Malgré près de trente ans de négociations internationales, malgré les pressions citoyennes, les émissions annuelles de gaz à effet de serre dans le monde ne diminuent pas. Depuis 1990, elles ont même augmenté de 60%. Les processus mis en place au niveau international ne sont visiblement pas à la hauteur des enjeux : ils ne permettent pas de remettre en question le modèle de développement non soutenable, ni de faire face à la pression des lobbies industriels. Ils amplifient également des rapports de pouvoir asymétriques entre riches et pauvres, pays du Nord et du Sud.

La COP de l’Afrique ?

La COP22 doit être « la COP de l’Afrique », entend-on régulièrement. Chute des ressources hydriques, sécheresse, baisse de la fertilité des sols… Le continent africain sera très sévèrement touché par les changements climatiques, alors qu’il n’émet que 3% des émissions mondiales. Tout le monde s’accorde à le rappeler, avant d’ajouter que la COP22 doit être axée sur la mobilisation des financements et les transferts de technologie à destination des états africains.
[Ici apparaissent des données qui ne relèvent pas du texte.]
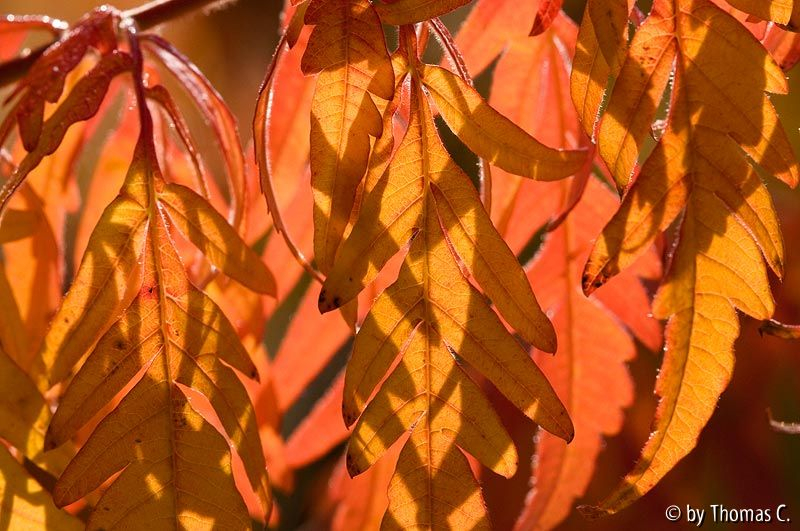 Essigbaum-Farbrausch 4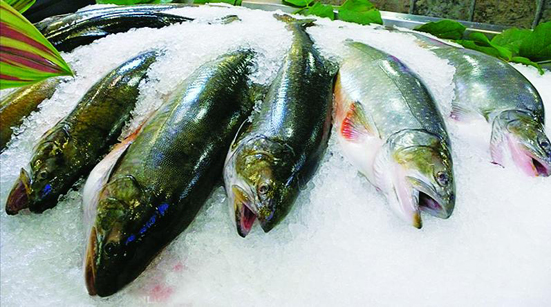 KHO LẠNH BẢO QUẢN THỦY SẢN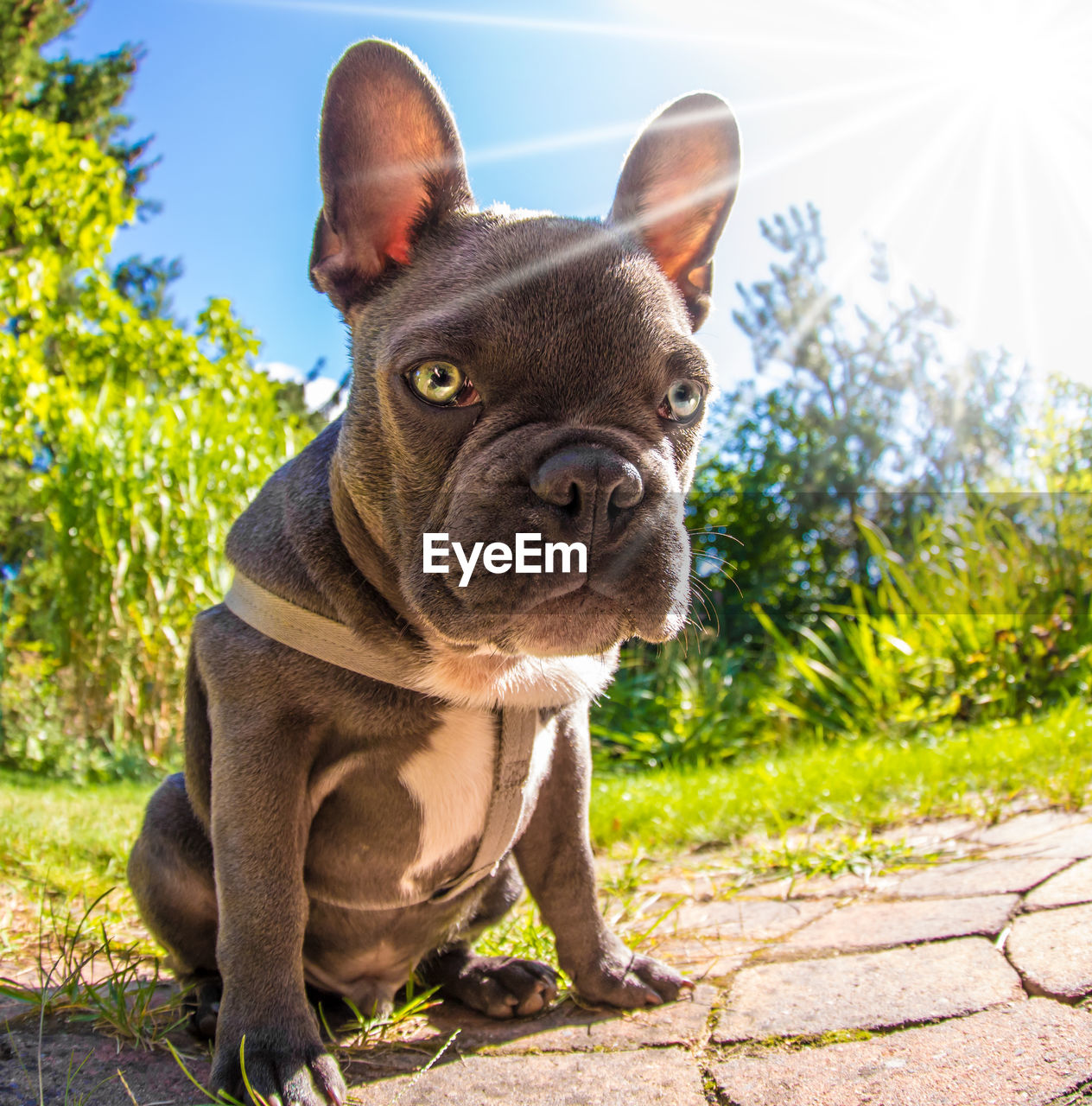 A young dog sits in sunshine in a garden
Lors de la cérémonie d’ouverture à Marrakech lundi 7 novembre, Ségolène Royal, ministre française de l’Environnement, qui passait le relai à Salaheddine Mezouar, ministre marocain des Affaires étrangères, pour la présidence de la COP, a ainsi présenté l’Initiative africaine pour les énergies renouvelables (IAER) comme un moyen « d’engager concrètement les 10 milliards de dollars promis aux pays africains à la COP21 ».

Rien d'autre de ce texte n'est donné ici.